By the end of this page, you will be able to:

  • Explain what a primary key is and why every table needs one
  • Explain what a foreign key is and how it establishes relationships between tables
  • Compare primary keys vs foreign keys — their purpose, constraints, and behavior
  • Understand referential integrity and how foreign keys enforce it
  • Choose between natural keys and surrogate keys with trade-offs
  • Apply best practices for defining keys in real-world schemas

The Problem: Identifying and Relating Data

Imagine a database for an e-commerce platform. You have millions of orders, thousands of products, and thousands of users. Two fundamental questions arise:

  1. How do you uniquely identify each row? — Without a reliable identifier, you cannot distinguish one order from another, one user from another.
  2. How do you link related data across tables? — An order belongs to a user and contains products. Without explicit relationships, the data is disconnected and unreliable.

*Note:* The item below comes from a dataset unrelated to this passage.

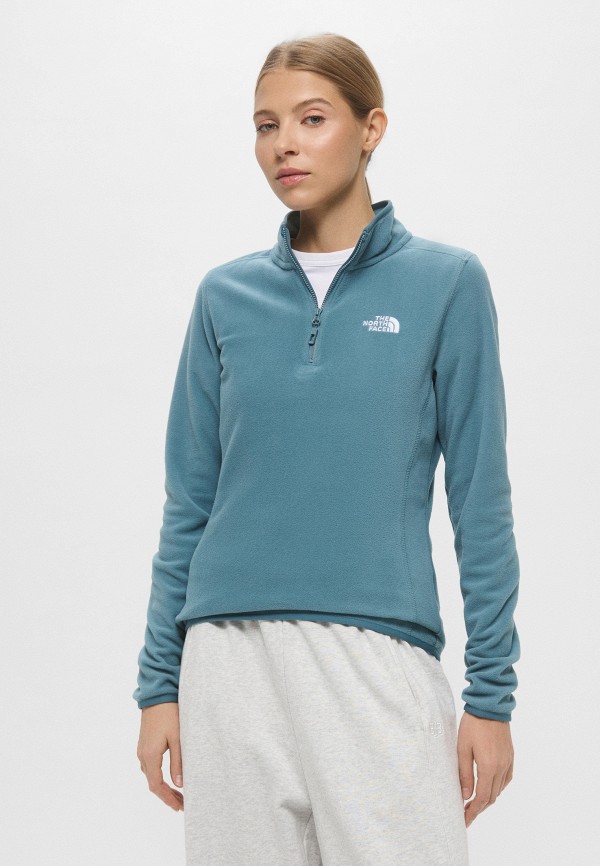 The North Face Олимпийка - W 100 GLACIER 1/4 Z-EU - фото 1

Primary keys solve the first problem. Foreign keys solve the second. Together, they are the backbone of relational database design.

Primary Key

A primary key is a column (or set of columns) that uniquely identifies each row in a table. Every table in a relational database should have exactly one primary key.

Properties

PropertyDescription
UniqueNo two rows can have the same primary key value
Not NULLPrimary key columns cannot contain NULL values
ImmutablePrimary key values should not change over time
Only one per tableA table can have only one primary key (though it can be composite)

Creating a primary key

-- Single-column primary key
CREATE TABLE users (
id INT PRIMARY KEY,
name VARCHAR(100),
email VARCHAR(255)
);

-- Named constraint (preferred for production)
CREATE TABLE users (
id INT,
name VARCHAR(100),
email VARCHAR(255),
CONSTRAINT pk_users PRIMARY KEY (id)
);

-- Composite primary key (multiple columns)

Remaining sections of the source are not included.